Why should Spain continue the bases? If we could not offer any political help to Spain along the lines of his suggestion in our previous discussion, and could not because of our balance of payments problem offer anything sizable by way of economic help, there was no advantage to Spain for the continuation of the bases.

I pointed out that the bases are of benefit to Spain as well as to us, and should be so considered by the Spanish. Their continued use should not necessarily require an additional consideration as such. Our utilization of the bases had not only contributed to Spanish security but together with our other types of assistance had made an important contribution to the Spanish economy. There had not only resulted improved relations with us but a contribution to the improved attitude toward Spain on the part of many European countries. Any change in the status of the bases would serve to undo the progress made. Spain should continue to be patient and to build on this progress.
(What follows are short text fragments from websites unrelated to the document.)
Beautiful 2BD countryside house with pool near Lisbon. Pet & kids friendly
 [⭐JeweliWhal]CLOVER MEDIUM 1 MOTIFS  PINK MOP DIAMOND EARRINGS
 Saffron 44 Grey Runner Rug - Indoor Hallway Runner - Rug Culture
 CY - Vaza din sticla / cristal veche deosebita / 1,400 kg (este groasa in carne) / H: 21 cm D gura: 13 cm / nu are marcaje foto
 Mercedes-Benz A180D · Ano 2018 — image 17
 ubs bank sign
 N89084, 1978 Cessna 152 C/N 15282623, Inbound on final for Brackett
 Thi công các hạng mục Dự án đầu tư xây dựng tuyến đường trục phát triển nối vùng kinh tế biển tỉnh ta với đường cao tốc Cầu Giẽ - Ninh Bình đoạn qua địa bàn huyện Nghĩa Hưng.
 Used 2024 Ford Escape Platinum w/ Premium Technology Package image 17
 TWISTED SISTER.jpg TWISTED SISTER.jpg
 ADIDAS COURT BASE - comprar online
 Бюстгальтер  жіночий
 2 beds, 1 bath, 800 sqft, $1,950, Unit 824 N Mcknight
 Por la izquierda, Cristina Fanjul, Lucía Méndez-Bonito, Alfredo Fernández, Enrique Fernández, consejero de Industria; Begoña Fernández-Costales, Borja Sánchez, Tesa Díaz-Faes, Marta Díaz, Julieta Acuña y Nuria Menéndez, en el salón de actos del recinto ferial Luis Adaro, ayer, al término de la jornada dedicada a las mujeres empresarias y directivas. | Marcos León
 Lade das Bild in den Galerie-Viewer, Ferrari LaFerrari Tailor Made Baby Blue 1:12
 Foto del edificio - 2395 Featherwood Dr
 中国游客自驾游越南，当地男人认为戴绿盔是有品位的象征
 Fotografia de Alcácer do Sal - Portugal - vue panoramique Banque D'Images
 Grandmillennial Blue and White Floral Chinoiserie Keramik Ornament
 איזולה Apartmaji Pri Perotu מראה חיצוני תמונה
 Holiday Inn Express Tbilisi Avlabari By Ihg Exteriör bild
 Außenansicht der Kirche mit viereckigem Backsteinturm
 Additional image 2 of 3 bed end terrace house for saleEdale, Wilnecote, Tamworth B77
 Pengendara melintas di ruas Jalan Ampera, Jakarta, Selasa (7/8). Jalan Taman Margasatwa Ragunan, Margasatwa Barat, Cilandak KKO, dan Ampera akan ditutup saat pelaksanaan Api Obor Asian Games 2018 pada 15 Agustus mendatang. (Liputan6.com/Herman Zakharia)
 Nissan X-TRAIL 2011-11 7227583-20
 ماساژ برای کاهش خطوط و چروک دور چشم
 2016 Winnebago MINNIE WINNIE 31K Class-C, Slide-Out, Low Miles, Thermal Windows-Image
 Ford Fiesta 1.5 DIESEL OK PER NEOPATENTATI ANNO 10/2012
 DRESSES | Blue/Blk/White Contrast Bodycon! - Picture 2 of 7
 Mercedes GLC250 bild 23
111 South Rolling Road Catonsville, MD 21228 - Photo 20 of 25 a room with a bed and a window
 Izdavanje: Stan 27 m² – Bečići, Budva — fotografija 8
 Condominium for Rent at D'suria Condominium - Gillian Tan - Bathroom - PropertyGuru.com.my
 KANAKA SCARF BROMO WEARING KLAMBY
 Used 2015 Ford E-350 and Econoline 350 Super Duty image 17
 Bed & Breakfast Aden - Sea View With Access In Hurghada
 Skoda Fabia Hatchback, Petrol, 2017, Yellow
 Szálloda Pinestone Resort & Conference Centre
The conversation ended in a note of frustration on the part of the Ambassador. He said we must see his and Spain’s problem and give him something that he can present to the Spanish Government and people as a justification for our continued use of the bases.

  1. Source: Department of State, Central Files, 375.1–3063. Confidential. Drafted by McGhee.
  2. Not found.
  3. On January 5 the Department of State had transmitted circular telegram 1174 to European missions requesting their view of the attitude of their host countries toward Spanish membership in NATO and the Common Market. (Department of State, Central Files, 375/1–563) The responses summarized here by McGhee are ibid.